Quantifying the genetic origins of body plan scaling

Many of the higher organisms have remarkably consistent body proportions where, within a given species, the sizes of the different body parts, such as the head or the legs, scale with the size of the organism. To probe the origins of body plan scaling, one should study early stages of development where this property is established. Drosophila melanogaster is arguably the most suited organism for such a study since decades of research have enabled measurements of the relevant developmental markers with unprecedented precision. Specifically, we now have access to the expression profiles of all developmental genes that jointly orchestrate the body plan formation of the fruit fly through a complex network of interactions. The richness and quality of measurement data in the fly embryo call for a comparable level of quantitative rigor in studying the question of spatial scaling—a challenge that Nikolić et al. embark on in their recent PNAS publication (1).

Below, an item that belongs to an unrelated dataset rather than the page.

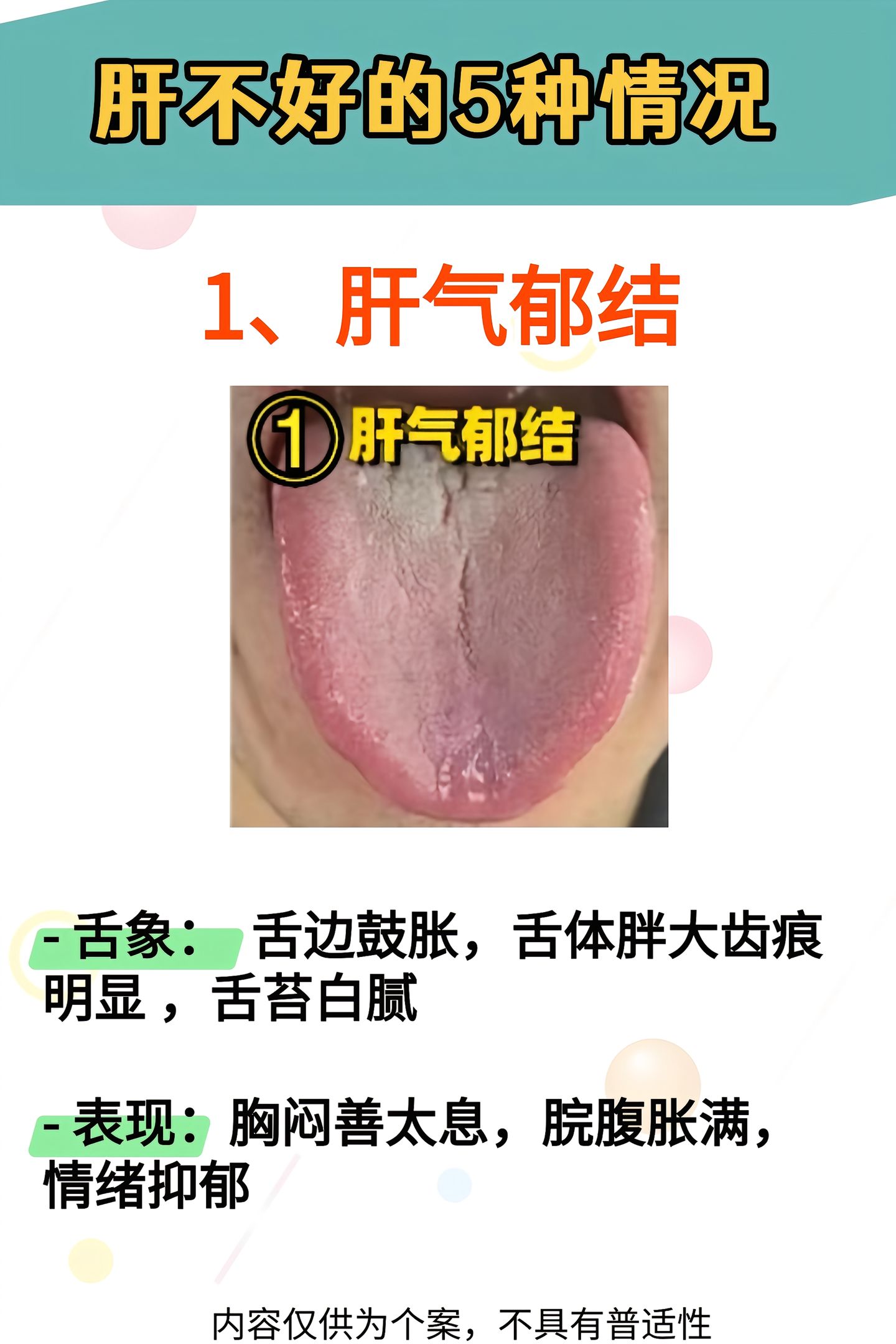 女性肝火太旺的表现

The body plan segmentation of the developing fly embryo is coordinated by a set of pair-rule genes, the expression of which is controlled by gap genes. The latter, in turn, are regulated by maternally deposited morphogens (Fig. 1). The authors first investigated the scaling behavior of the bottom two layers of this cascade, formed by the gap and pair-rule genes, respectively. They started by revisiting what is arguably the most straightforward way to probe the scaling of the expression profiles, which is to measure specific markers of these profiles, such as their peak positions or the positions at which they reach their half maximum values. Spatial scaling means that the absolute positions $x_p$ of these positional markers scale with the embryo length $L$, such that their scaled positions $f_p=x_p/L$ are the same across embryos of different length (Fig. 1). Consistent with earlier work (2–5), they saw for both the gap genes and the pair-rules a near-perfect scaling of the absolute positions of these positional markers with the length of the embryo, with the error in the scaled positions $f_p$ being only $\approx$1%. This error is low and already hints at scaling. In fact, the error is so low that they could rule out an alternative mechanism that lacks scaling. Specifically, if instead of scaling with $L$, each positional marker $x_p$ were perfectly pinned at an absolute distance from the anterior or the posterior pole irrespective of the embryo size, then the variability in the fractional position $x_p/L$ stemming purely from the variations in embryo length would significantly exceed the measured value ($\approx$1%) for a wide range of $x_p$. Together, these two results already provide convincing evidence for spatial scaling.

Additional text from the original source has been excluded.